Records from a dataset:
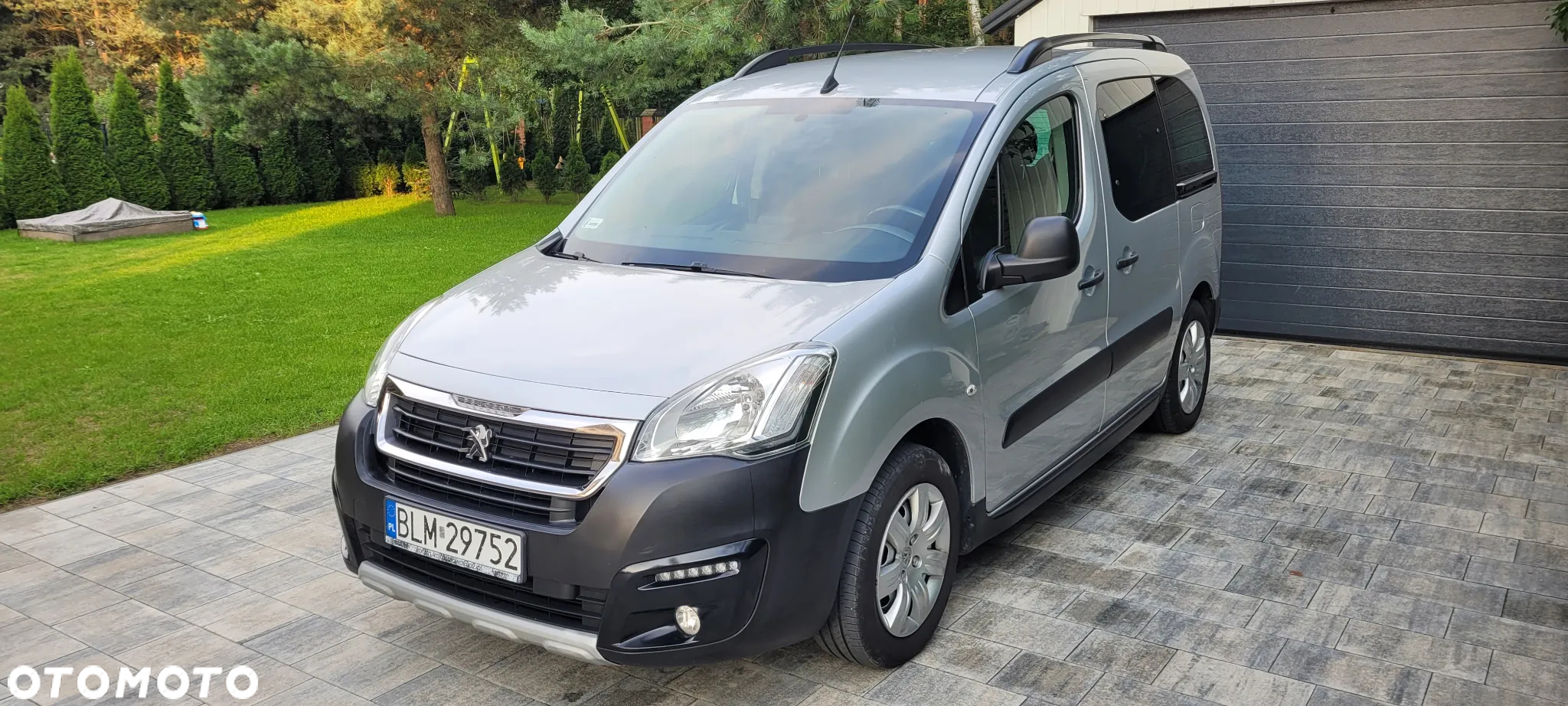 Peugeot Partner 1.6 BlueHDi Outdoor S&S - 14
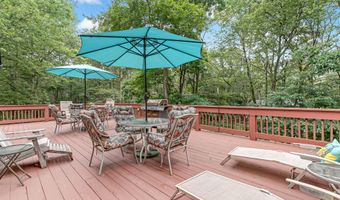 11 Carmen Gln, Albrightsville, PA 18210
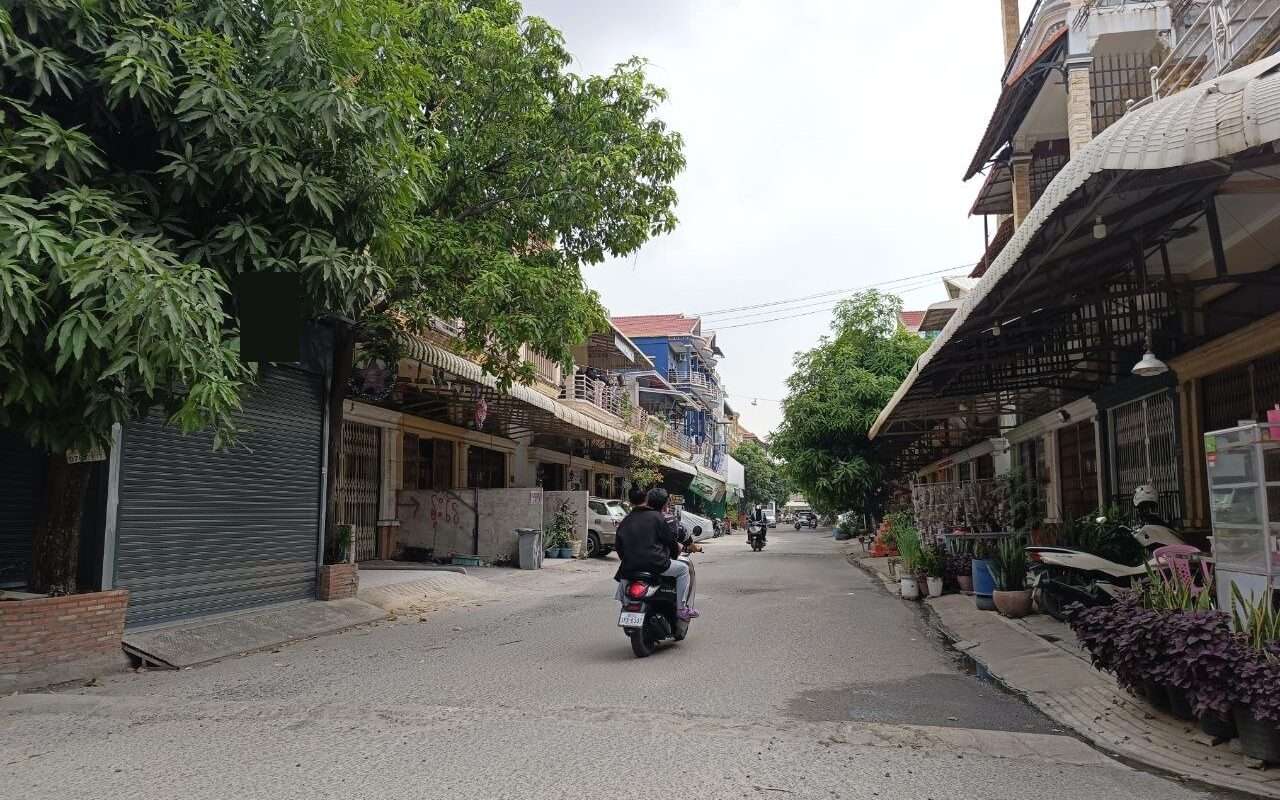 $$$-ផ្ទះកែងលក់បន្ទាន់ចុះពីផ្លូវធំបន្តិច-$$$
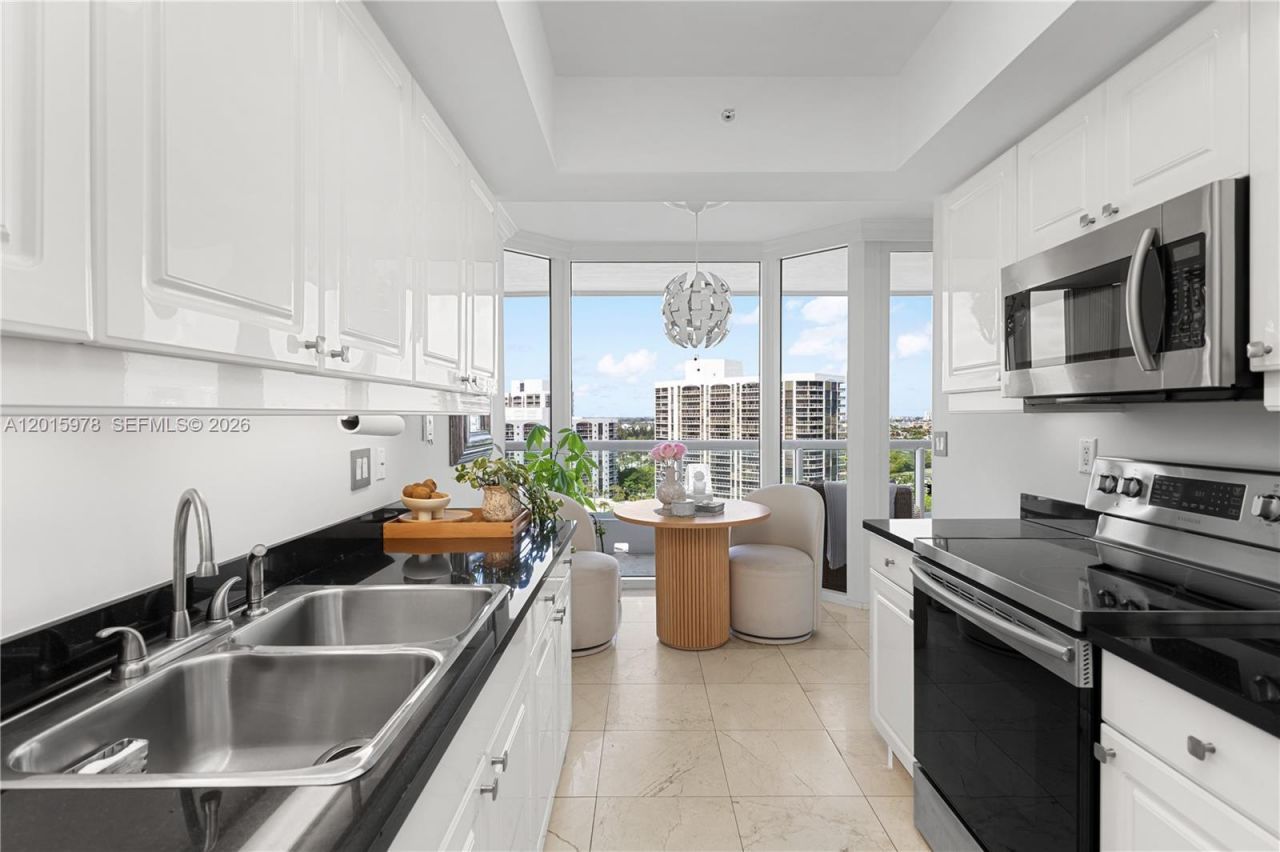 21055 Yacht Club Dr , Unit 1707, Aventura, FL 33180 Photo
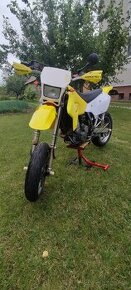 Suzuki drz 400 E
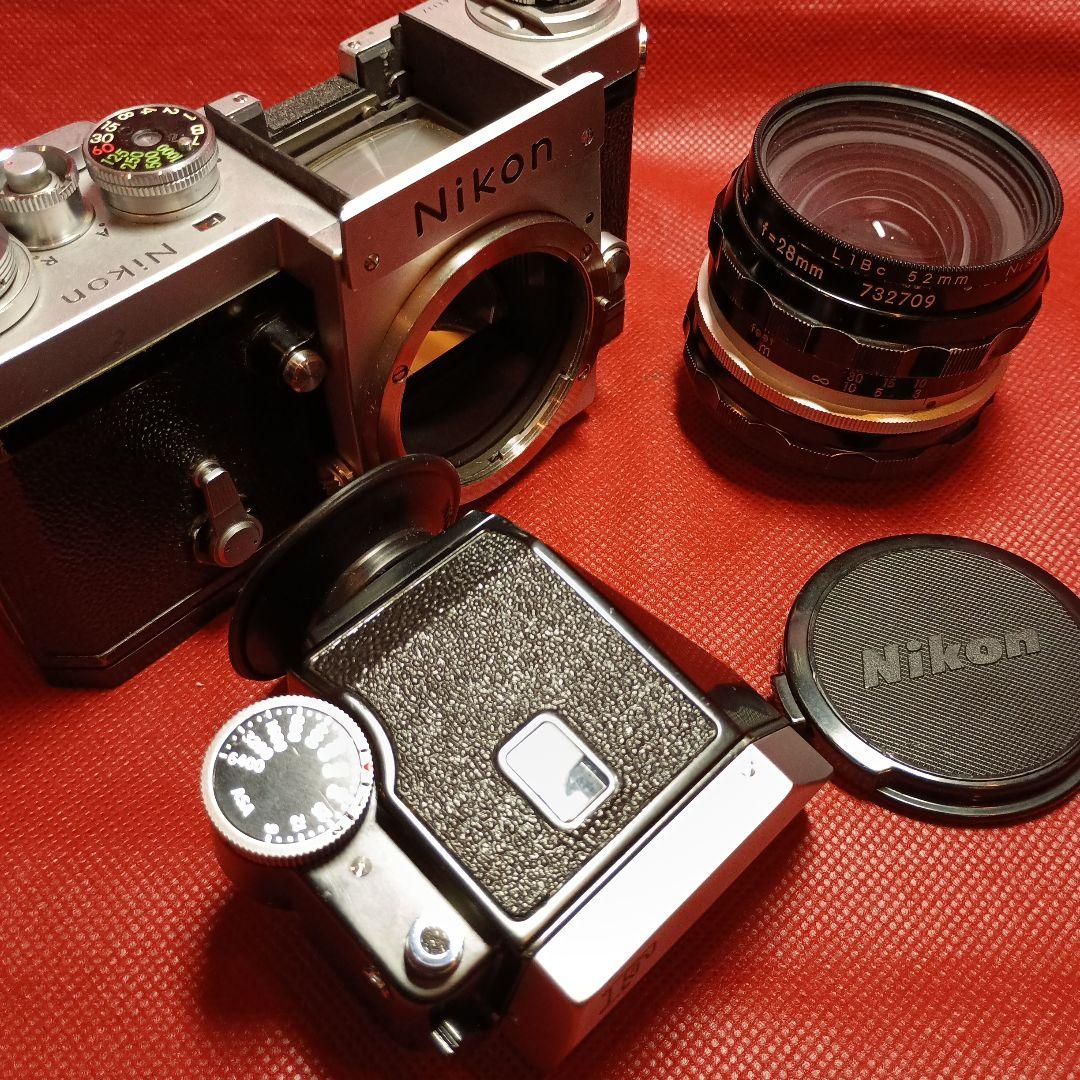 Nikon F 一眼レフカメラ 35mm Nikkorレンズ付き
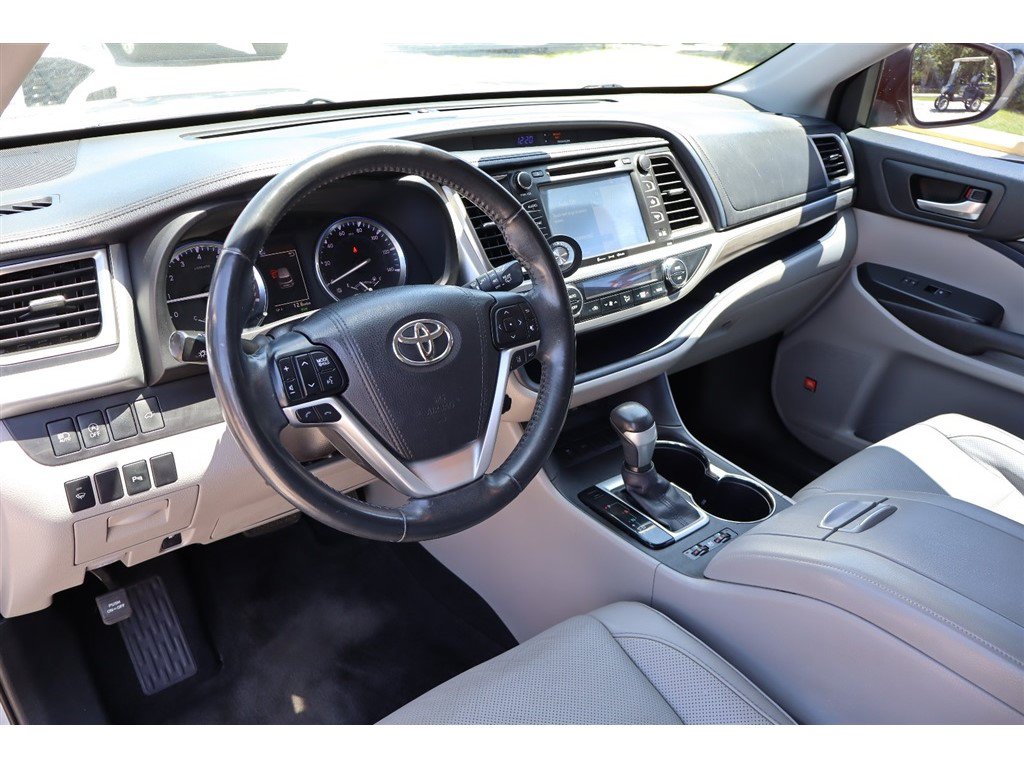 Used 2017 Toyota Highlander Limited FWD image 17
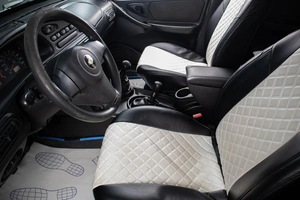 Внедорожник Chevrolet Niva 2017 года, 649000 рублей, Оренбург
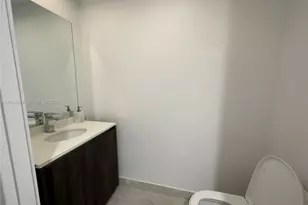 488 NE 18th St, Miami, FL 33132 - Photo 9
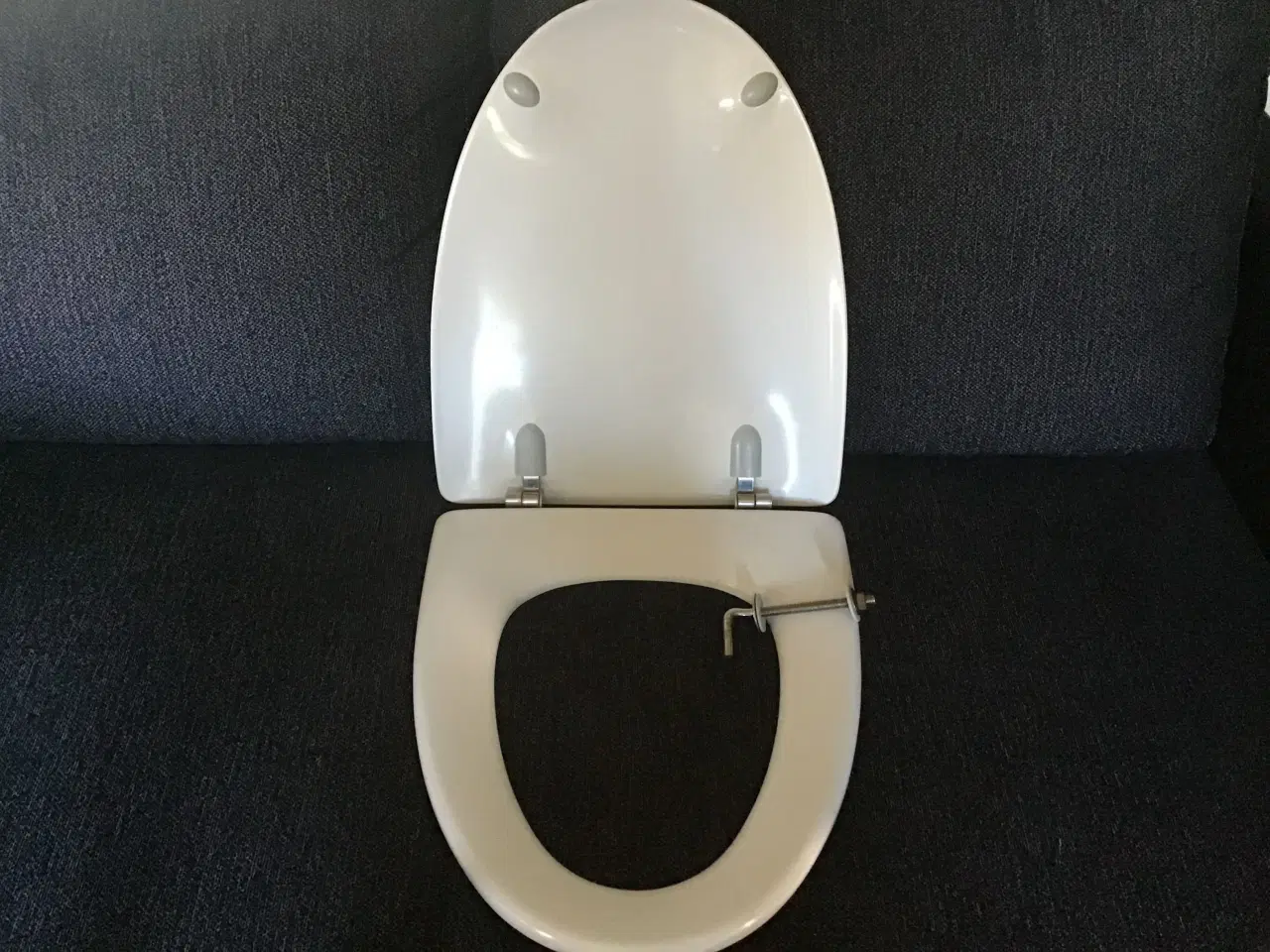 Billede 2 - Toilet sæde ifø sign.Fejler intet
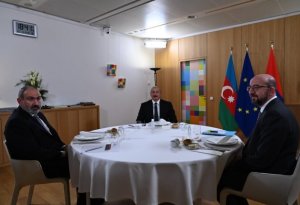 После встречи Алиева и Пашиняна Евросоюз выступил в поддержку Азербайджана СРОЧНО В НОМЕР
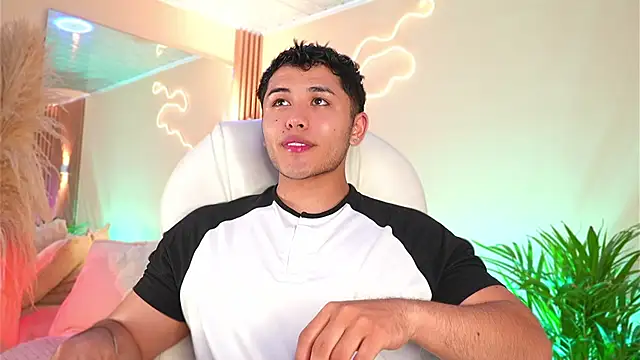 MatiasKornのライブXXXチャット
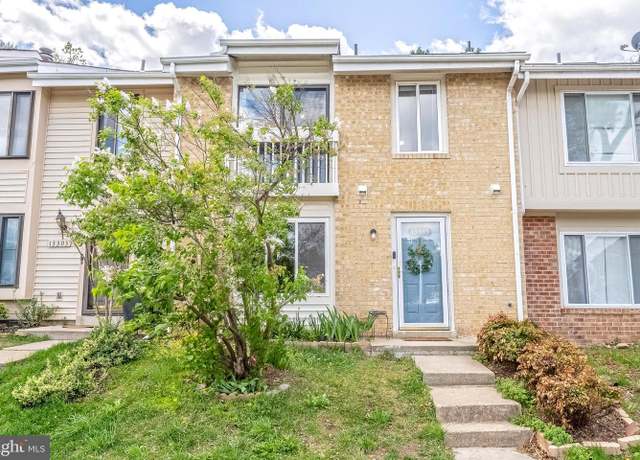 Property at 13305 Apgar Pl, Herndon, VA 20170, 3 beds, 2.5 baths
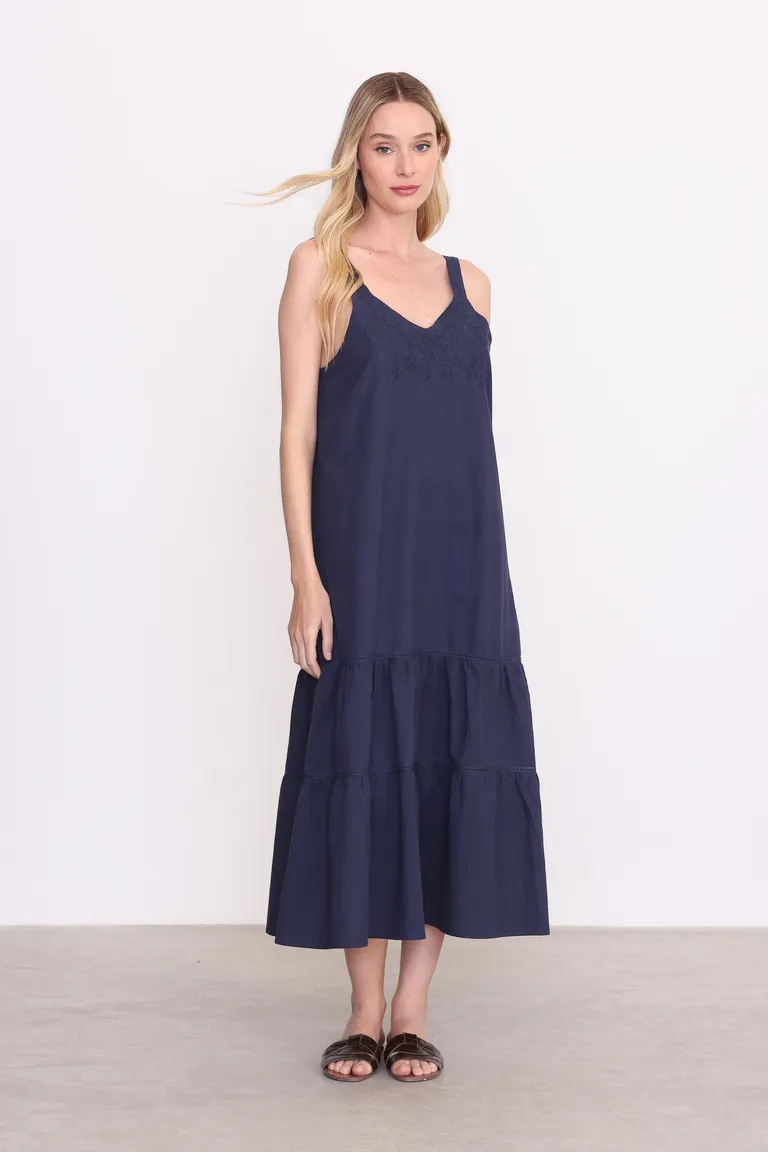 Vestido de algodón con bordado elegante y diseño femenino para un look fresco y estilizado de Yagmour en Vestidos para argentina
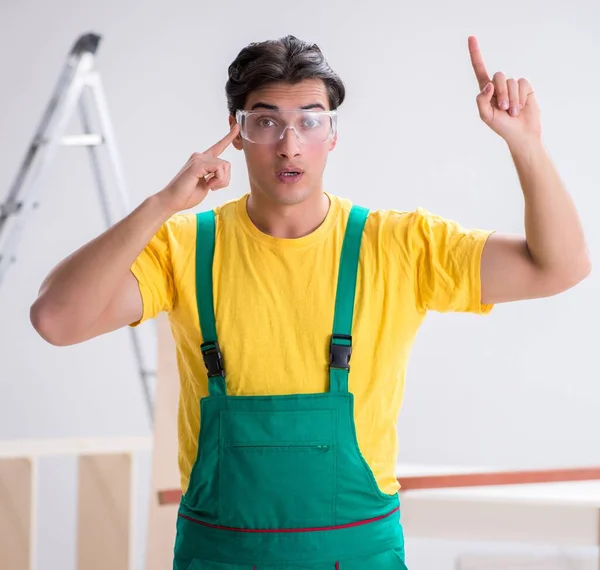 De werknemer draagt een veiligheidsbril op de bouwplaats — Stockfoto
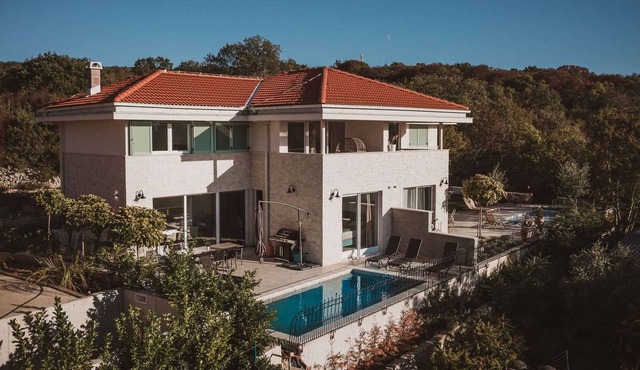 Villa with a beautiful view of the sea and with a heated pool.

### GOAL OF THE EXERCISE
The data must be printed exactly, image-free.

### OUTPUT OF THE EXERCISE
 Peugeot Partner 1.6 BlueHDi Outdoor S&S - 14
 11 Carmen Gln, Albrightsville, PA 18210
 $$$-ផ្ទះកែងលក់បន្ទាន់ចុះពីផ្លូវធំបន្តិច-$$$
 21055 Yacht Club Dr , Unit 1707, Aventura, FL 33180 Photo
 Suzuki drz 400 E
 Nikon F 一眼レフカメラ 35mm Nikkorレンズ付き
 Used 2017 Toyota Highlander Limited FWD image 17
 Внедорожник Chevrolet Niva 2017 года, 649000 рублей, Оренбург
 488 NE 18th St, Miami, FL 33132 - Photo 9
 Billede 2 - Toilet sæde ifø sign.Fejler intet
 После встречи Алиева и Пашиняна Евросоюз выступил в поддержку Азербайджана СРОЧНО В НОМЕР
 MatiasKornのライブXXXチャット
 Property at 13305 Apgar Pl, Herndon, VA 20170, 3 beds, 2.5 baths
 Vestido de algodón con bordado elegante y diseño femenino para un look fresco y estilizado de Yagmour en Vestidos para argentina
 De werknemer draagt een veiligheidsbril op de bouwplaats — Stockfoto
 Villa with a beautiful view of the sea and with a heated pool.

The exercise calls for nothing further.